Vision API
Step 1: Enable Vision API
Step 2: Create a service account and download the JSON key file
Step 3: Run the command
export GOOGLE_APPLICATION_CREDENTIALS="path_to_key.json"
Step 4: vision API python script
import io
import os
# Imports the Google Cloud client library
from google.cloud import vision
# Instantiates a client
client = vision.ImageAnnotatorClient()
# The name of the image file to annotate
file_name = os.path.abspath(r'path to image.jpg')
# Loads the image into memory
with io.open(file_name, 'rb') as image_file:
content = image_file.read()
image = vision.Image(content=content)
# Performs label detection on the image file
response = client.label_detection(image=image)
labels = response.label_annotations
print('Labels:')
for label in labels:
print(label.description)
#### FACE DETECTION ######
response_face = client.face_detection(image=image)
face_data = []
for face_detection in response_face.face_annotations:
d = {
'confidence': face_detection.detection_confidence,
'joy': face_detection.joy_likelihood,
'sorrow': face_detection.sorrow_likelihood,
'surprise': face_detection.surprise_likelihood,
'anger': face_detection.anger_likelihood
}
print(d)
#### IMAGE PROPERTIES ######
response_image = client.image_properties(image=image)
image_data = []
for c in response_image.image_properties_annotation.dominant_colors.colors[:3]:
d = {
'color': c.color,
'score': c.score,
'pixel_fraction': c.pixel_fraction
}
print(d)
#### TEXT DETECTION ######
response_text = client.text_detection(image=image)
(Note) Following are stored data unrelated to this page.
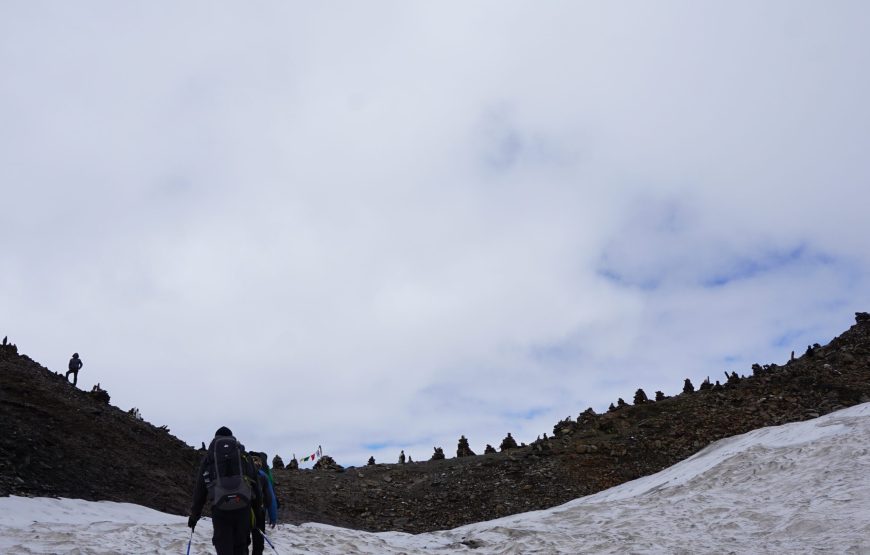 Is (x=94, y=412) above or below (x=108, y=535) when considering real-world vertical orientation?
above

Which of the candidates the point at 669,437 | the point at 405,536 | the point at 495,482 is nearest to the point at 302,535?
the point at 405,536

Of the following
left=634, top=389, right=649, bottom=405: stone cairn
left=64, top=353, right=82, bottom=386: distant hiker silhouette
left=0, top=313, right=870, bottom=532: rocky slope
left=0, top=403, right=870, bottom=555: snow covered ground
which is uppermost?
left=64, top=353, right=82, bottom=386: distant hiker silhouette

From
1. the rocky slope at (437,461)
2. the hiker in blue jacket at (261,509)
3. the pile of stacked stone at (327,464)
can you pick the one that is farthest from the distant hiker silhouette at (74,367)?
the hiker in blue jacket at (261,509)

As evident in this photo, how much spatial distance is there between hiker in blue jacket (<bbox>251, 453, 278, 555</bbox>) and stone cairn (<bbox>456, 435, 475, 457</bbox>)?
20.4 meters

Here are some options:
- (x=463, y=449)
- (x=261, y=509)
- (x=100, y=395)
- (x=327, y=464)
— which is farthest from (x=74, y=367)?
(x=261, y=509)

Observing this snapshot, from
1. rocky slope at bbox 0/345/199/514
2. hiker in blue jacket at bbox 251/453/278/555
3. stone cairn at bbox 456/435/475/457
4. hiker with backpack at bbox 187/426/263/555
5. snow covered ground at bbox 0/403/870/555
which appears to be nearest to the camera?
hiker with backpack at bbox 187/426/263/555

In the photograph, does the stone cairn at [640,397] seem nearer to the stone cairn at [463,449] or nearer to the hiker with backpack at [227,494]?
the stone cairn at [463,449]

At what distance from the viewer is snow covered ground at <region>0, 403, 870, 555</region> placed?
1352cm

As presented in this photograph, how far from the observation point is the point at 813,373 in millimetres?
29266

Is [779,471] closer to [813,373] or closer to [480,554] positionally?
[480,554]

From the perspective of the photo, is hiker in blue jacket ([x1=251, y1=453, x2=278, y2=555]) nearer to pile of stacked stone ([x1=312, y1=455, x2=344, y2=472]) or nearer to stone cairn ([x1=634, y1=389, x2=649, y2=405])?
pile of stacked stone ([x1=312, y1=455, x2=344, y2=472])

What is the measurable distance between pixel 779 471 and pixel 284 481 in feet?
53.3

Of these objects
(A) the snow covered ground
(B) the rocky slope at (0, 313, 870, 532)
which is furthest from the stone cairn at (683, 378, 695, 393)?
(A) the snow covered ground

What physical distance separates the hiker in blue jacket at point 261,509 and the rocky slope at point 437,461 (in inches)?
312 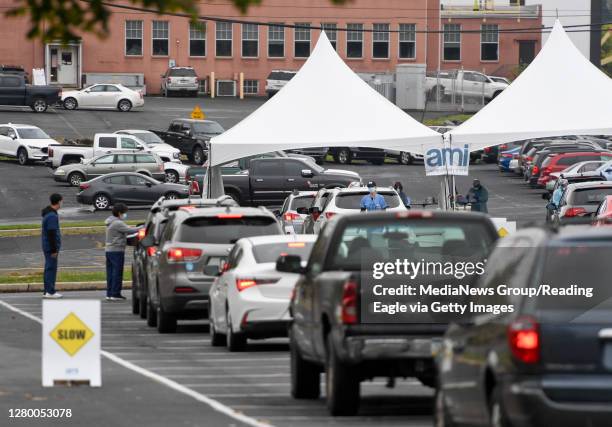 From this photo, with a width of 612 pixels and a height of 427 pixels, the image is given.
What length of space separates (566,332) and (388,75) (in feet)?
280

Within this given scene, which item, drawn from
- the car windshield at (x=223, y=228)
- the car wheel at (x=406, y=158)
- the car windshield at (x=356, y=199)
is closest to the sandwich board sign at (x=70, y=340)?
the car windshield at (x=223, y=228)

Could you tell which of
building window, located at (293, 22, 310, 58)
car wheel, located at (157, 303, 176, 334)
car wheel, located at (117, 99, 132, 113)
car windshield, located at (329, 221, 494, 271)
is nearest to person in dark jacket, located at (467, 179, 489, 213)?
car wheel, located at (157, 303, 176, 334)

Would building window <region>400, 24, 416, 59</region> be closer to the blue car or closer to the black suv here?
the blue car

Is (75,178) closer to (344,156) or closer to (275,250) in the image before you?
(344,156)

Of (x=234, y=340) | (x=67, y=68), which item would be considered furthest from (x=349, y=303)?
(x=67, y=68)

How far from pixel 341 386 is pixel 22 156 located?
5364 cm

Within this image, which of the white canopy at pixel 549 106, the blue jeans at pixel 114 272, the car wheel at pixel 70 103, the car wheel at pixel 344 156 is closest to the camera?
the blue jeans at pixel 114 272

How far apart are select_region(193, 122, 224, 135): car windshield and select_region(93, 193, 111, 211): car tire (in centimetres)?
1450

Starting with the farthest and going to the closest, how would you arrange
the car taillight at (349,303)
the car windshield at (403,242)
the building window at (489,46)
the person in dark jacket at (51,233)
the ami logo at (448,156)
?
the building window at (489,46) < the ami logo at (448,156) < the person in dark jacket at (51,233) < the car windshield at (403,242) < the car taillight at (349,303)

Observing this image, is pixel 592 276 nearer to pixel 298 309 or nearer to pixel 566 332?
pixel 566 332

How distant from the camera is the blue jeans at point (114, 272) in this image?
1075 inches

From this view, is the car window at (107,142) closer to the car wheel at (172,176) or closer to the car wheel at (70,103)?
the car wheel at (172,176)

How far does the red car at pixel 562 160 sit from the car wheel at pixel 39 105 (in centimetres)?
2833

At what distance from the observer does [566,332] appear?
8523 millimetres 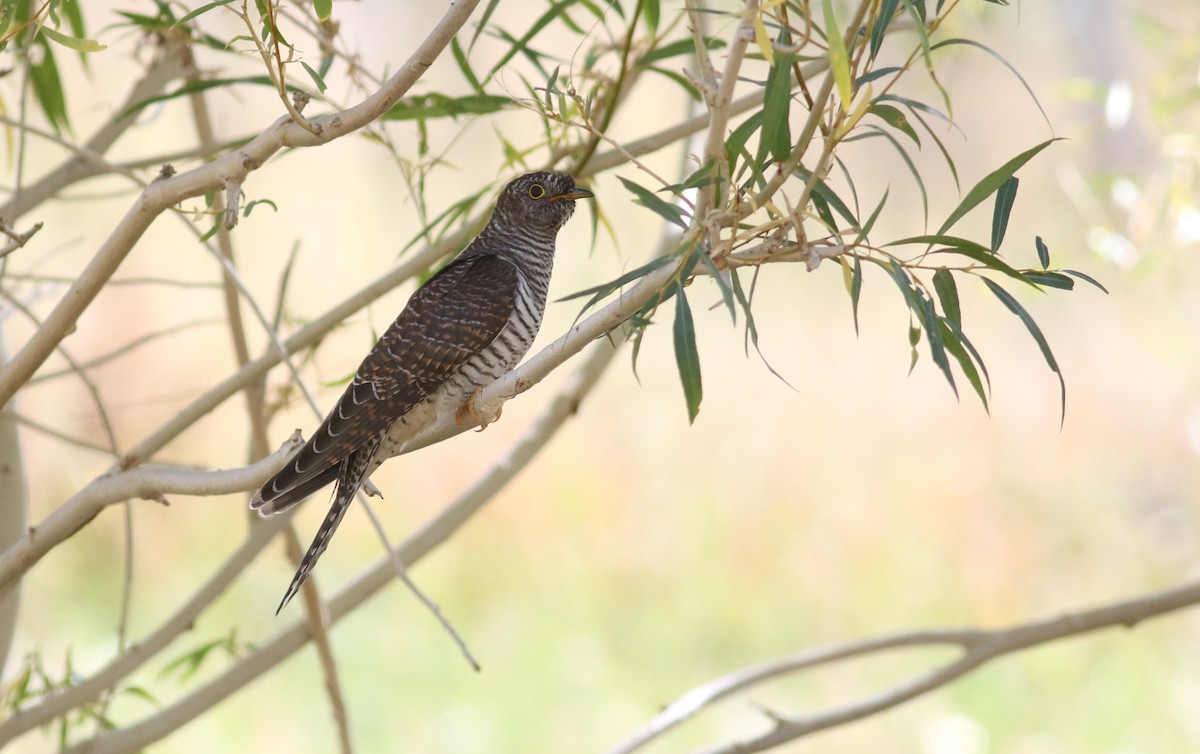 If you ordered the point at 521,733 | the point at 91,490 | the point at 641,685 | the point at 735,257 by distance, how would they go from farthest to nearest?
1. the point at 641,685
2. the point at 521,733
3. the point at 91,490
4. the point at 735,257

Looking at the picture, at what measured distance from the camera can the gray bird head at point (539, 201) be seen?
2.41m

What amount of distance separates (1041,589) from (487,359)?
4141 millimetres

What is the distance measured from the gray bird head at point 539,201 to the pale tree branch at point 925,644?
1006 mm

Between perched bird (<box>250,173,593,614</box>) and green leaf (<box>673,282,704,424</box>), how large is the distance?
701 mm

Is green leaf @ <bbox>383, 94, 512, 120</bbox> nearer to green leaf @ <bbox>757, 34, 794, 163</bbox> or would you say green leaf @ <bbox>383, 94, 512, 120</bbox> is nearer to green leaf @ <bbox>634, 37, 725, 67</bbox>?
green leaf @ <bbox>634, 37, 725, 67</bbox>

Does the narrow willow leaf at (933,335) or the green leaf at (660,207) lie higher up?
the green leaf at (660,207)

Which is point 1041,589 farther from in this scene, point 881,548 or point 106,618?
point 106,618

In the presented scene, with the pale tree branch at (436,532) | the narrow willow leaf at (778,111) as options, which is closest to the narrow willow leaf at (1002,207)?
the narrow willow leaf at (778,111)

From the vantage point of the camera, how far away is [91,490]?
1.55 meters

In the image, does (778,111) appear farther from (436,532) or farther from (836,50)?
(436,532)

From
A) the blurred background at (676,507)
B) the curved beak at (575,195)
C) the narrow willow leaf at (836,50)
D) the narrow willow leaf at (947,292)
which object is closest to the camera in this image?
the narrow willow leaf at (836,50)

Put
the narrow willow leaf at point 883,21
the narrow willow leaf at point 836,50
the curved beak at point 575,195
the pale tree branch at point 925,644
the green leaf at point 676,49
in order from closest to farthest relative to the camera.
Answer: the narrow willow leaf at point 836,50 → the narrow willow leaf at point 883,21 → the green leaf at point 676,49 → the pale tree branch at point 925,644 → the curved beak at point 575,195

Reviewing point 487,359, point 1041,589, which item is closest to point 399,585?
point 1041,589

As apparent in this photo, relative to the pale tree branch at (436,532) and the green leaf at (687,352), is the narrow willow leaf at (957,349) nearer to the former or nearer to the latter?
the green leaf at (687,352) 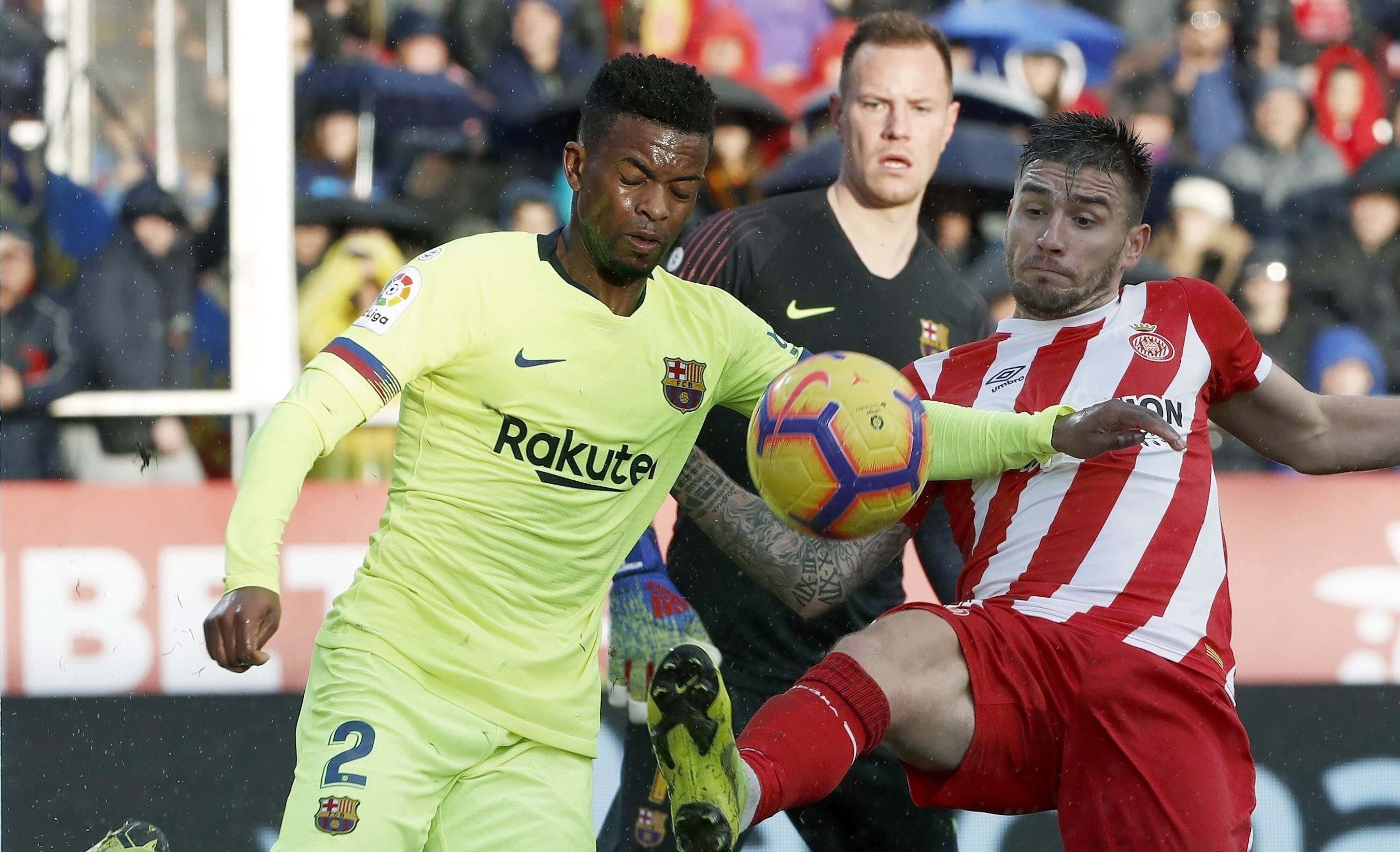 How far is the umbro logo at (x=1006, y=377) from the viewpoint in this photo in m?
3.93

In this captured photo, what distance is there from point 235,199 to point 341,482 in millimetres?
1750

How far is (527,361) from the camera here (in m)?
3.41

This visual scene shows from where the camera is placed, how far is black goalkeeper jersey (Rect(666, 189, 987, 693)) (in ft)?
15.5

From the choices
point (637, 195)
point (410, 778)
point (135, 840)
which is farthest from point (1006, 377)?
point (135, 840)

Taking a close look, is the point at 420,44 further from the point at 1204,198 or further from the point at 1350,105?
the point at 1350,105

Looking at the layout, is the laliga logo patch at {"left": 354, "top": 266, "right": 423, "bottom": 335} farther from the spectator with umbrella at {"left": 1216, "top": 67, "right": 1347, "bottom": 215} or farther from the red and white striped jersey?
the spectator with umbrella at {"left": 1216, "top": 67, "right": 1347, "bottom": 215}

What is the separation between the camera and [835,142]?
732 cm

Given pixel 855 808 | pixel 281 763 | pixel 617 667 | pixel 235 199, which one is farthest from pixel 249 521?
pixel 235 199

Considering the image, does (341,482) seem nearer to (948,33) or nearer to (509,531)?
(509,531)

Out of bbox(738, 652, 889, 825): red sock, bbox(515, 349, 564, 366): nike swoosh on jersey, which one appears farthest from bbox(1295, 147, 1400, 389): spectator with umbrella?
bbox(515, 349, 564, 366): nike swoosh on jersey

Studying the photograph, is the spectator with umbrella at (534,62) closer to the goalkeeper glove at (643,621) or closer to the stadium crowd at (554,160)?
the stadium crowd at (554,160)

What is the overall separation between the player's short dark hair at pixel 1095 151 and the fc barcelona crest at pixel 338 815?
2358 millimetres

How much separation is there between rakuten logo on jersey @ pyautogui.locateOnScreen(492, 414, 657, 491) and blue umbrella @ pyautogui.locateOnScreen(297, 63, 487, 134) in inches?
192

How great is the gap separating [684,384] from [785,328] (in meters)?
1.19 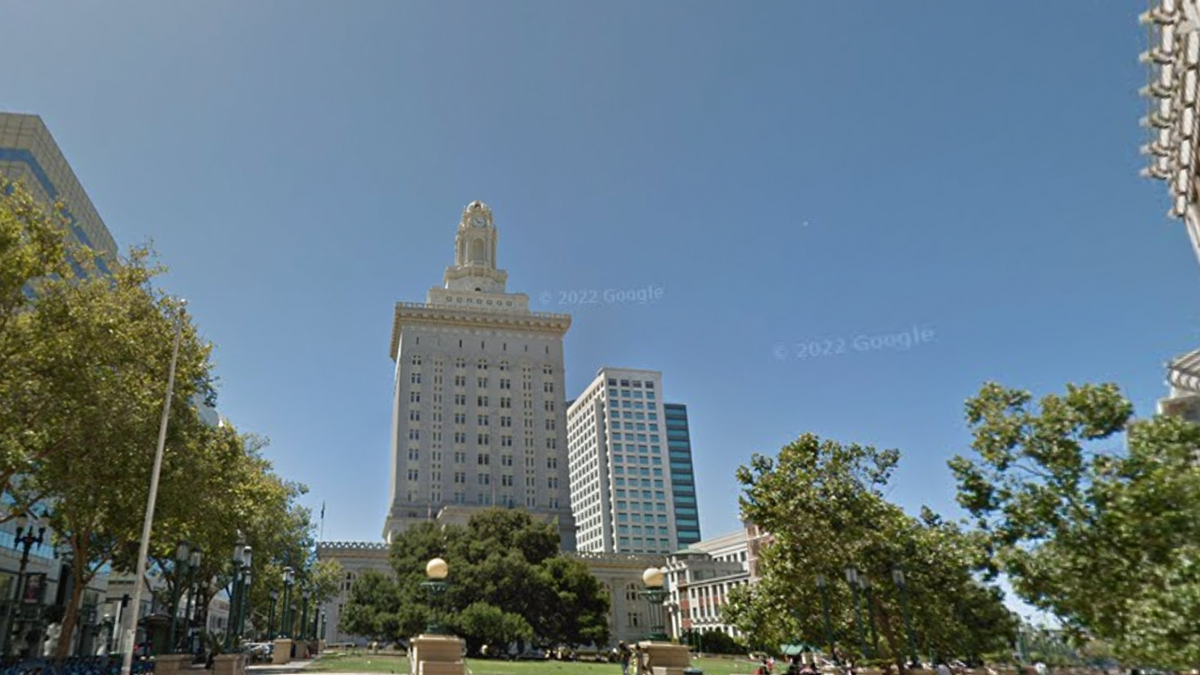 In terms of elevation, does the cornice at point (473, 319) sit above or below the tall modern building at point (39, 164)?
above

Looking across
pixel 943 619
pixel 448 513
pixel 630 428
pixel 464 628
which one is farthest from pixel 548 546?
pixel 630 428

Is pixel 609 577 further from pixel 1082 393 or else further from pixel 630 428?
pixel 1082 393

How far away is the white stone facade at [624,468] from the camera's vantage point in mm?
150750

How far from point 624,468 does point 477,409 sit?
5430cm

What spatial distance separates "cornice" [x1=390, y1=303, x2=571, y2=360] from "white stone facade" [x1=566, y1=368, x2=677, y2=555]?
4578cm

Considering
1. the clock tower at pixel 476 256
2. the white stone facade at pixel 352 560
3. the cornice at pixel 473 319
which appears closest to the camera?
the white stone facade at pixel 352 560

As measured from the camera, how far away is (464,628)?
5597 cm

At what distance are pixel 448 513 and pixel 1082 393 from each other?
A: 83.6 metres

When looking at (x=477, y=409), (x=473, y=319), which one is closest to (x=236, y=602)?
(x=477, y=409)

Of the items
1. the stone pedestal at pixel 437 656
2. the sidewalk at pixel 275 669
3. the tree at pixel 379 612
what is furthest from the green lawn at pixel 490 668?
the tree at pixel 379 612

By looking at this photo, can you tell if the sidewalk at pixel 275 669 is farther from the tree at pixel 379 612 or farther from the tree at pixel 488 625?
the tree at pixel 379 612

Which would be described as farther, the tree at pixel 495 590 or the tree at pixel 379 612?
the tree at pixel 379 612

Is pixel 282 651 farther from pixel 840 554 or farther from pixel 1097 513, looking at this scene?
pixel 1097 513

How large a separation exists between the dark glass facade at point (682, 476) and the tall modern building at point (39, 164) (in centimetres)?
12815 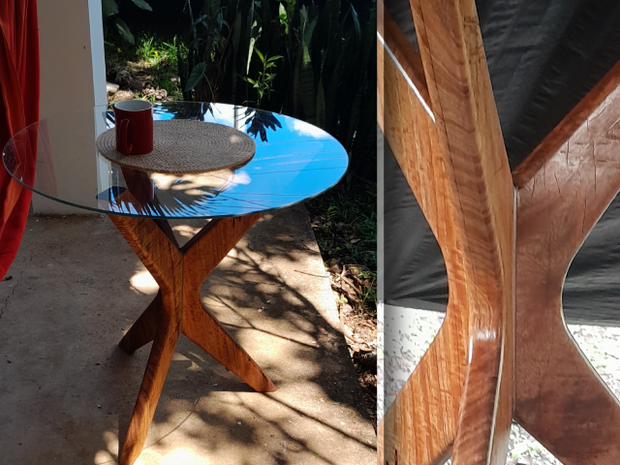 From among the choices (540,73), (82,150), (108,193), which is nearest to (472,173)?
(540,73)

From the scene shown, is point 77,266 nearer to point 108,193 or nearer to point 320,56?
point 108,193

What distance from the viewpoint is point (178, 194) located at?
4.09ft

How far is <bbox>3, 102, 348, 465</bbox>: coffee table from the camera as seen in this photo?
1225 mm

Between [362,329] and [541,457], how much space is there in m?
1.41

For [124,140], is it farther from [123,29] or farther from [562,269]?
[123,29]

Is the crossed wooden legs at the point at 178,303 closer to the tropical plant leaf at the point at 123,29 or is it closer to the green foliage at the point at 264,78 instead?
the green foliage at the point at 264,78

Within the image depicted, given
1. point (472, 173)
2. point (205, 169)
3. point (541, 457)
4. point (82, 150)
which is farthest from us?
point (82, 150)

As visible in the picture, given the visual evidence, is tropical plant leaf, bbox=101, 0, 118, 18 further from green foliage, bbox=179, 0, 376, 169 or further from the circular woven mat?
the circular woven mat

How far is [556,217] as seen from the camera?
1.73ft

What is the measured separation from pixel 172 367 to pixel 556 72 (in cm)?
158

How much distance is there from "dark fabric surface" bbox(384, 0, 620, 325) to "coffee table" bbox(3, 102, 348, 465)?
0.64 meters

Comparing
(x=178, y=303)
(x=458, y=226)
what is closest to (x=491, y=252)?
(x=458, y=226)

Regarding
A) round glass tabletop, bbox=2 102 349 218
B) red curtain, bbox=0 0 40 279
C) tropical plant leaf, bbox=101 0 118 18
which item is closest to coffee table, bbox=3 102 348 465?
round glass tabletop, bbox=2 102 349 218

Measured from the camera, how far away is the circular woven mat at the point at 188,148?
1.37 meters
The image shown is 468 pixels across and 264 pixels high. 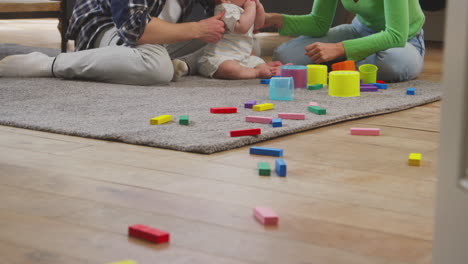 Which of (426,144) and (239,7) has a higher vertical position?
(239,7)

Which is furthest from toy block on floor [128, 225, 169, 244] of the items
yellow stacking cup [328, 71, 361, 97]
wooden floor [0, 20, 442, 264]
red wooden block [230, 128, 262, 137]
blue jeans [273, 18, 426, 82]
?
blue jeans [273, 18, 426, 82]

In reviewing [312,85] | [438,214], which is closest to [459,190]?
[438,214]

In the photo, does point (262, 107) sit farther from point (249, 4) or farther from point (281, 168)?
point (249, 4)

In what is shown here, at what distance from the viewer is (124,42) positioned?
2.36 m

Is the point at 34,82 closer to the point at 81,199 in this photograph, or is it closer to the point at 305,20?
the point at 305,20

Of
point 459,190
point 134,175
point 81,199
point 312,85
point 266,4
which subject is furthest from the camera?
point 266,4

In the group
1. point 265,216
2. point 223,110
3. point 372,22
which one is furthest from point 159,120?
point 372,22

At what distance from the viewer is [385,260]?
0.83m

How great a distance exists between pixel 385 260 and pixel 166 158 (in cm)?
61

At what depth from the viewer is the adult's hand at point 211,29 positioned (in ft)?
7.68

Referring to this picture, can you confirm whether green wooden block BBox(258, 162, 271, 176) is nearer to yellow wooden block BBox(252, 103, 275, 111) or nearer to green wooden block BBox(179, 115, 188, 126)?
green wooden block BBox(179, 115, 188, 126)

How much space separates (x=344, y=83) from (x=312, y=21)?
0.72m

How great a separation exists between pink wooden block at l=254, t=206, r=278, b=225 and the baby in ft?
4.97

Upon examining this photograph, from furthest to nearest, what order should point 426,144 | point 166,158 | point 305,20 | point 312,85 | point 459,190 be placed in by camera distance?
point 305,20
point 312,85
point 426,144
point 166,158
point 459,190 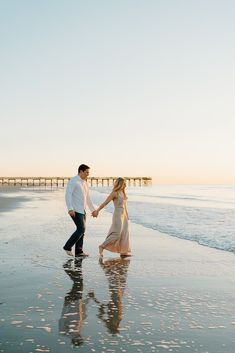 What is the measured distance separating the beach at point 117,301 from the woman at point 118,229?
0.91 ft

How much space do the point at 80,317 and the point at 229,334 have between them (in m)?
1.68

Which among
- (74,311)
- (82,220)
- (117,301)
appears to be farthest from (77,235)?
(74,311)

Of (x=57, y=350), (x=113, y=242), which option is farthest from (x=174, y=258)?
(x=57, y=350)

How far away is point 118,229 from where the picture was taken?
33.3ft

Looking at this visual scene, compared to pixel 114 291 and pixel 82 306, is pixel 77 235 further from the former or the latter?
pixel 82 306

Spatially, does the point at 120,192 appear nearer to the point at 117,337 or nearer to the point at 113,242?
the point at 113,242

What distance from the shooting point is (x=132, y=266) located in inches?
339

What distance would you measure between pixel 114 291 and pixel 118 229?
12.5 ft

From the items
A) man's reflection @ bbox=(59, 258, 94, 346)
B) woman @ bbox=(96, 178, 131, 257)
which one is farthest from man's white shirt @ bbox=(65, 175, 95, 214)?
man's reflection @ bbox=(59, 258, 94, 346)

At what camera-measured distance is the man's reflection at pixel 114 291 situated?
4.92 metres

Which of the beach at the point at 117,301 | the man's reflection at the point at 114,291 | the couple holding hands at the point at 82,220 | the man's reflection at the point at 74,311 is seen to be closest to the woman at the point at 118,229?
the couple holding hands at the point at 82,220

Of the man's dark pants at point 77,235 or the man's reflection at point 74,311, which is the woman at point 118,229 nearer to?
the man's dark pants at point 77,235

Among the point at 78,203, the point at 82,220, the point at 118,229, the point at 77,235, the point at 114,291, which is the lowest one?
the point at 114,291

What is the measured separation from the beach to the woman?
A: 10.9 inches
for r in response_text.text_annotations:
d = {
'text': r.description
}
print(d)
Video Intelligence API
Step 1: Enable Video Intelligence API
Step 2: Create a service account and download the JSON key file
Step 3: Run the command
export GOOGLE_APPLICATION_CREDENTIALS="path_to_key.json"
Step 4: Video Intelligence API python script
from google.cloud import videointelligence_v1p3beta1 as videointelligence
import io
path = 'path_to_video.mp4'
client = videointelligence.StreamingVideoIntelligenceServiceClient()
# Set streaming config.
config = videointelligence.StreamingVideoConfig(
feature=(videointelligence.StreamingFeature.STREAMING_LABEL_DETECTION)
)
# config_request should be the first in the stream of requests.
config_request = videointelligence.StreamingAnnotateVideoRequest(
video_config=config
)
# Set the chunk size to 5MB (recommended less than 10MB).
chunk_size = 5 * 1024 * 1024
# Load file content.
stream = []
with io.open(path, "rb") as video_file:
while True:
data = video_file.read(chunk_size)
if not data:
break
stream.append(data)
def stream_generator():
yield config_request
for chunk in stream:
yield videointelligence.StreamingAnnotateVideoRequest(input_content=chunk)
requests = stream_generator()
# streaming_annotate_video returns a generator.
# The default timeout is about 300 seconds.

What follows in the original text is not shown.